Attempted or frustrated felony distinguished from impossible crime.

1. In attempted or frustrated felony and impossible crime, the evil intent of the offender
is not accomplished.
2. But while in impossible crime, the evil intent of the offender cannot be accomplished,
in attempted or frustrated felony the evil intent of the offender is possible of
accomplishment.
3. In impossible crime, the evil intent of the offender cannot be accomplished because it
is inherently impossible of accomplishment or because the means employed by the
offender is inadequate or ineffectual; in attempted or frustrated felony, what
prevented its accomplishment is the intervention of certain cause or accident in which
the offender had no part.

Article 7. When light felonies are punishable. - Light felonies are punishable only
when they have been consummated, with the exception of those committed against
person or property.

General Rule:
Light felonies are punishable only when they have been consummated.

Exception:
Light felonies committed against persons or property, are punishable even if attempted or
frustrated.

Article 8. Conspiracy and proposal to commit felony. - Conspiracy and proposal to


commit felony are punishable only in the cases in which the law specially provides
a penalty therefor.

A conspiracy exists when two or more persons come to an agreement concerning


the commission of a felony and decide to commit it.

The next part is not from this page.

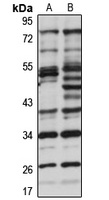 KNSTRN Rabbit Polyclonal Antibody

There is proposal when the person who has decided to commit a felony proposes its
execution to some other person or persons.
Requisites of conspiracy:

1. That two or more persons came to an agreement;


2. That the agreement concerned the commission of a felony; and
3. That the execution of the felony be decided upon.

Requisites of proposal

1. That a person has decided to commit a felony; and


2. That he proposes its execution to some other person or persons.

Article 9. Grave felonies, less grave felonies and light felonies. - Grave felonies are
those to which the law attaches the capital punishment or penalties which in any of
their periods are afflictive, in accordance with Art. 25 of this Code.

Less grave felonies are those which the law punishes with penalties which in their
maximum period are correctional, in accordance with the above-mentioned Art..

Light felonies are those infractions of law for the commission of which a penalty of
arrest menor or a fine not exceeding 200 pesos or both; is provided.

Article 10. Offenses not subject to the provisions of this Code. - Offenses which are
or in the future may be punishable under special laws are not subject to the
provisions of this Code. This Code shall be supplementary to such laws, unless the
latter should specially provide the contrary.